+++ Records for the exercise

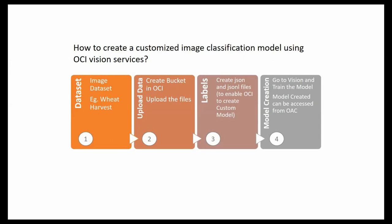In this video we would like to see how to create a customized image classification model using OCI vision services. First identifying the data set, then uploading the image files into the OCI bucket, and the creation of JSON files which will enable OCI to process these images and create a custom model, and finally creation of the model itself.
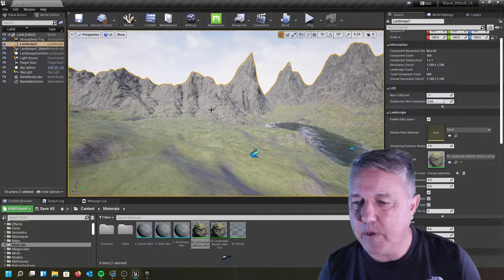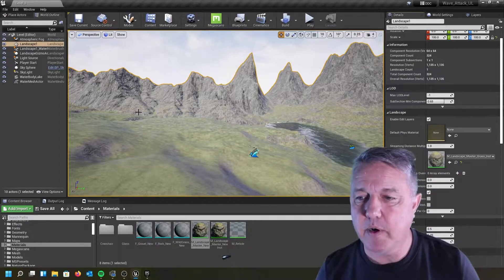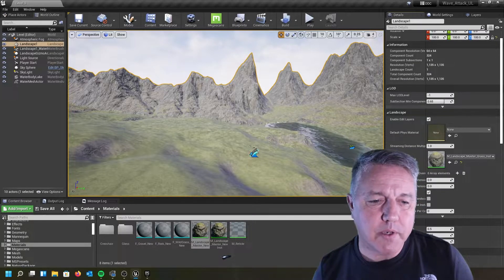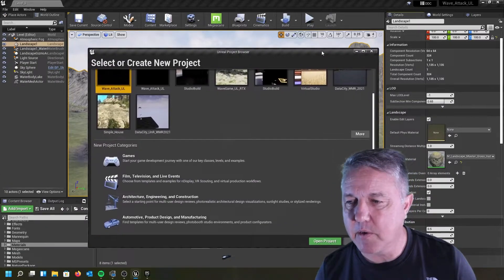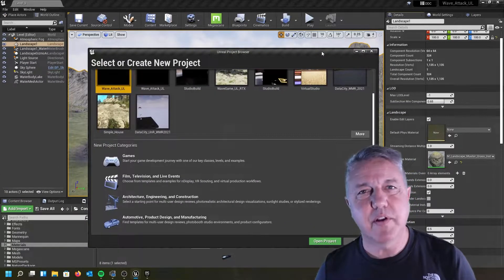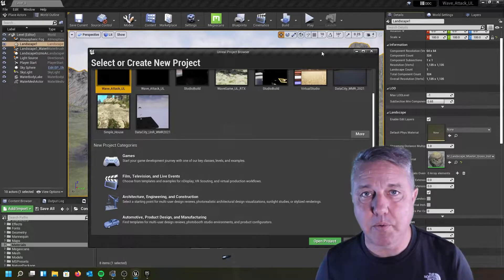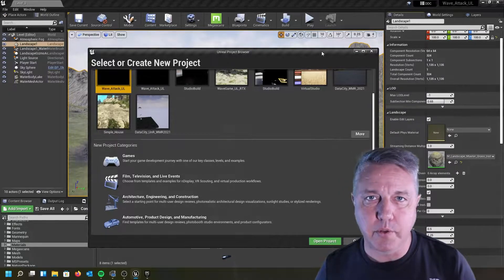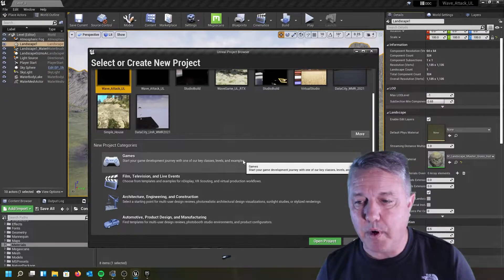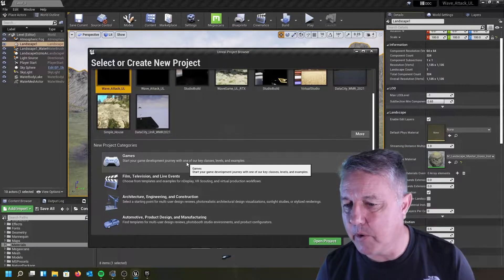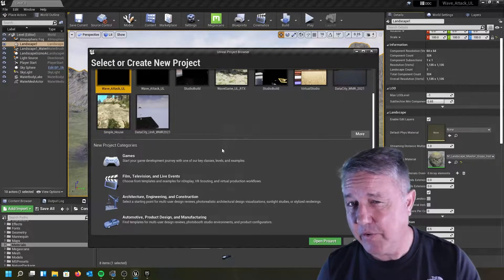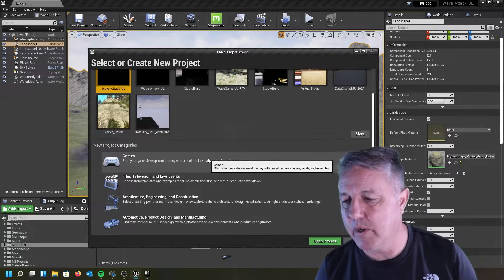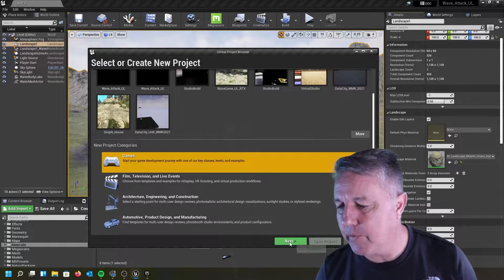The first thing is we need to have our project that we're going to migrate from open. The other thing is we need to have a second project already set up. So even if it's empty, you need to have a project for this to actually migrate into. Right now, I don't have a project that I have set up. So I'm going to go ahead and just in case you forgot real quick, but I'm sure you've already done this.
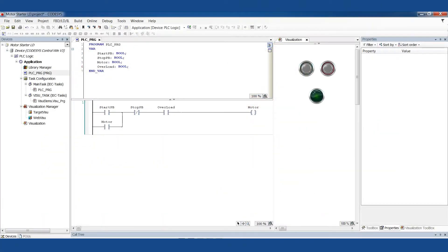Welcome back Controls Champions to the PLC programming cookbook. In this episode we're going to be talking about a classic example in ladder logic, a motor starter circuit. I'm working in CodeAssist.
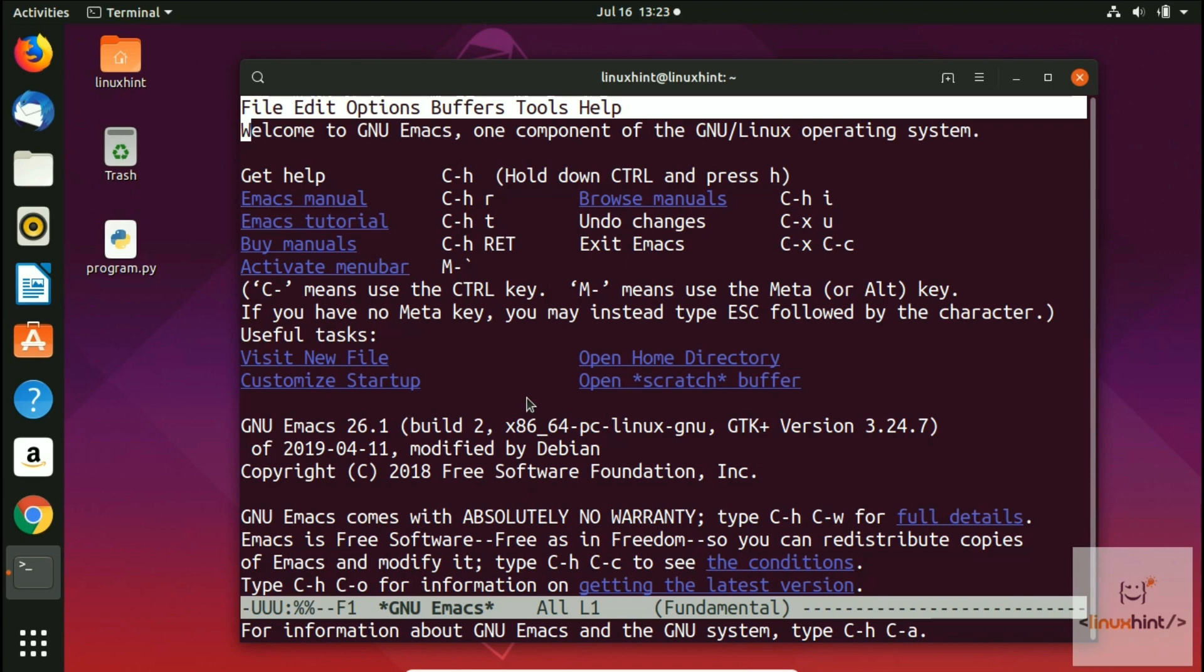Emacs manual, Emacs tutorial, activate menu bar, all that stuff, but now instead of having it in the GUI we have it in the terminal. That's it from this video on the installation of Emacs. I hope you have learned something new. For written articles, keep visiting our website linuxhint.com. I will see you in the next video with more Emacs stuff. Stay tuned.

++++++
+++ Records for the exercise

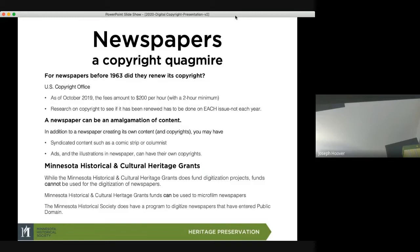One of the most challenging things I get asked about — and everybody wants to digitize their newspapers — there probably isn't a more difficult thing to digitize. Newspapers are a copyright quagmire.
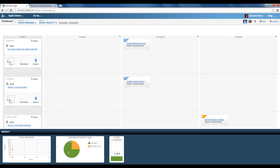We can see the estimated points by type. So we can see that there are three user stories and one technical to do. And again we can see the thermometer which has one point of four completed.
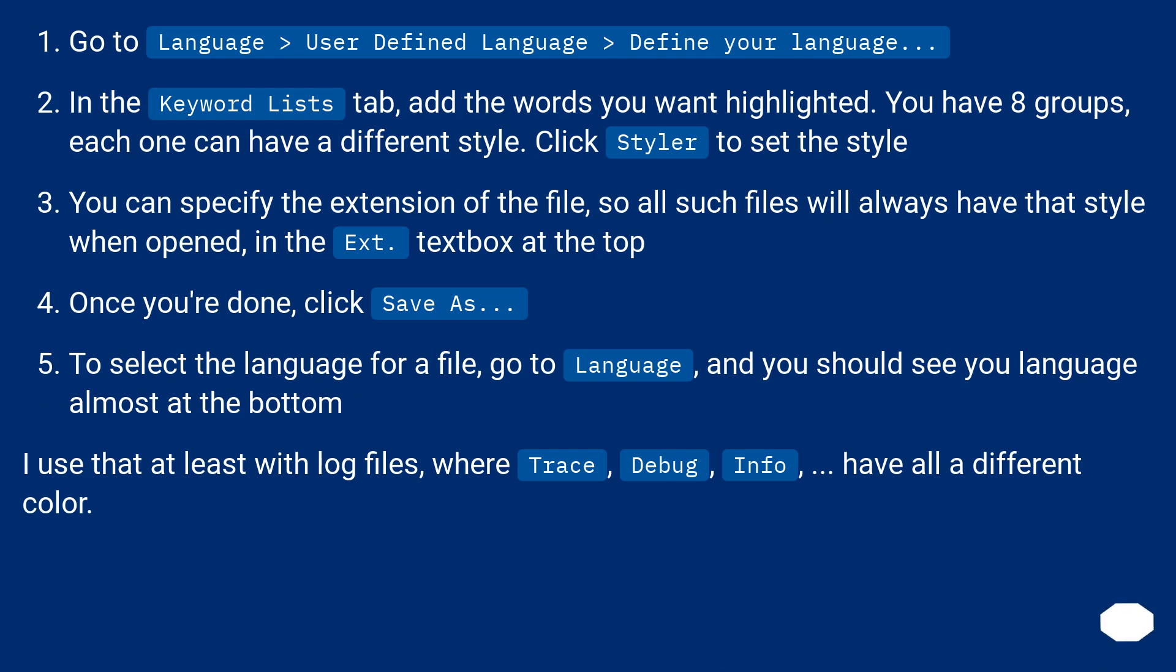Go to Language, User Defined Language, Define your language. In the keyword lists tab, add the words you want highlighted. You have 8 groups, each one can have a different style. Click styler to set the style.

++++++

▸ Task brief: What lines above run from the one with "In this video" to the one with "Emacs manual, Emacs"? Give them again exactly, ends included, and leave the pictures out.

▸ Task response:
In this video we would like to see how to create a customized image classification model using OCI vision services. First identifying the data set, then uploading the image files into the OCI bucket, and the creation of JSON files which will enable OCI to process these images and create a custom model, and finally creation of the model itself.
The first thing is we need to have our project that we're going to migrate from open. The other thing is we need to have a second project already set up. So even if it's empty, you need to have a project for this to actually migrate into. Right now, I don't have a project that I have set up. So I'm going to go ahead and just in case you forgot real quick, but I'm sure you've already done this.
Welcome back Controls Champions to the PLC programming cookbook. In this episode we're going to be talking about a classic example in ladder logic, a motor starter circuit. I'm working in CodeAssist.
Emacs manual, Emacs tutorial, activate menu bar, all that stuff, but now instead of having it in the GUI we have it in the terminal. That's it from this video on the installation of Emacs. I hope you have learned something new. For written articles, keep visiting our website linuxhint.com. I will see you in the next video with more Emacs stuff. Stay tuned.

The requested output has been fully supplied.